• [WORK REQUEST]: Repeat precisely the span of lines below that opens with the line containing "Portulacaria afra Variegata" and closes with the line containing "Pollo en pie", both included.

• [RECORDS SUPPLIED]:
[Start of section]
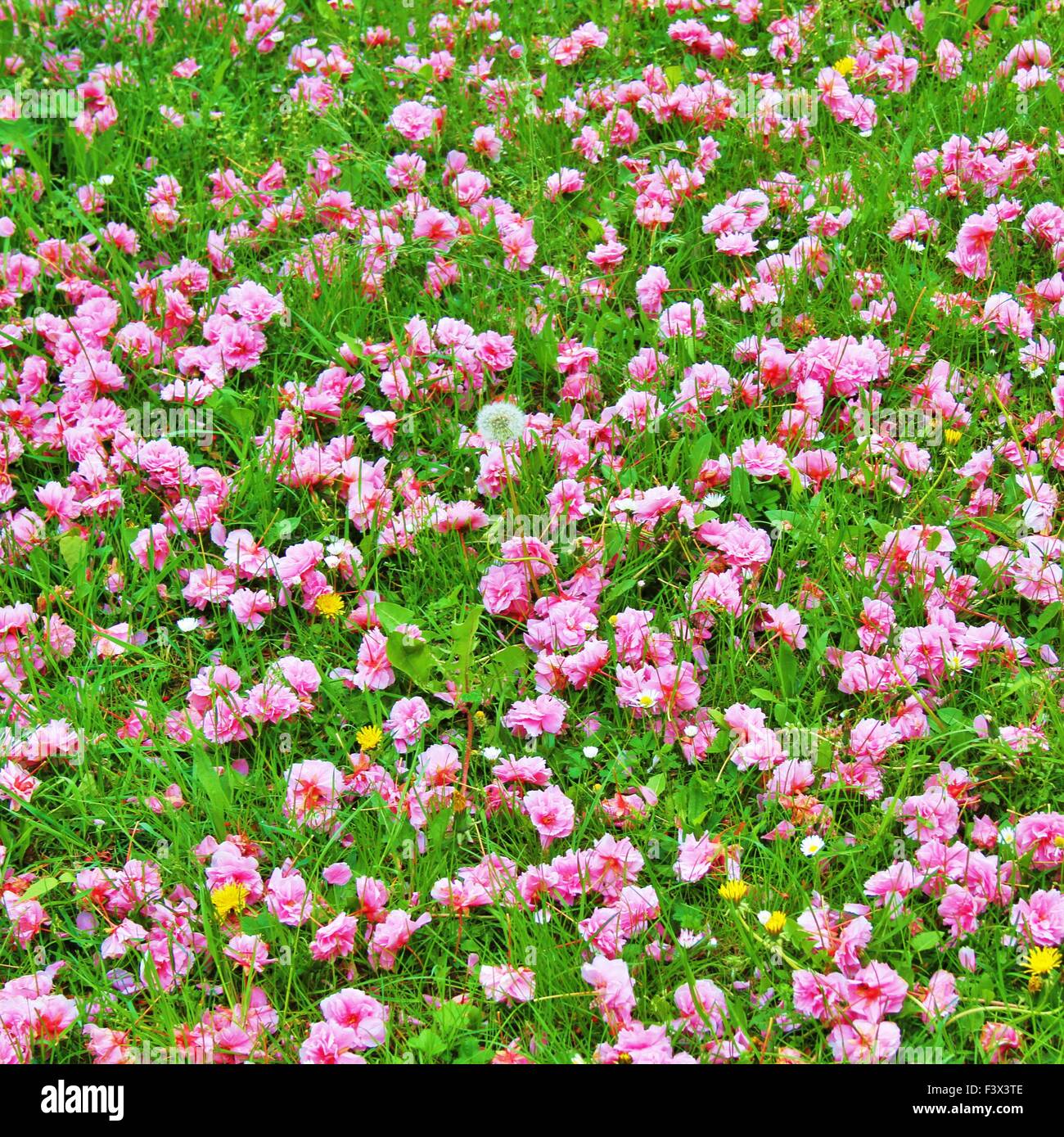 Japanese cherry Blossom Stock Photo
[End of section]
[Start of section]
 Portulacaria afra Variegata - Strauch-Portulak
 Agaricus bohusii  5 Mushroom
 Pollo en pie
[End of section]
• [SOLVED PROBLEM]:
 Portulacaria afra Variegata - Strauch-Portulak
 Agaricus bohusii  5 Mushroom
 Pollo en pie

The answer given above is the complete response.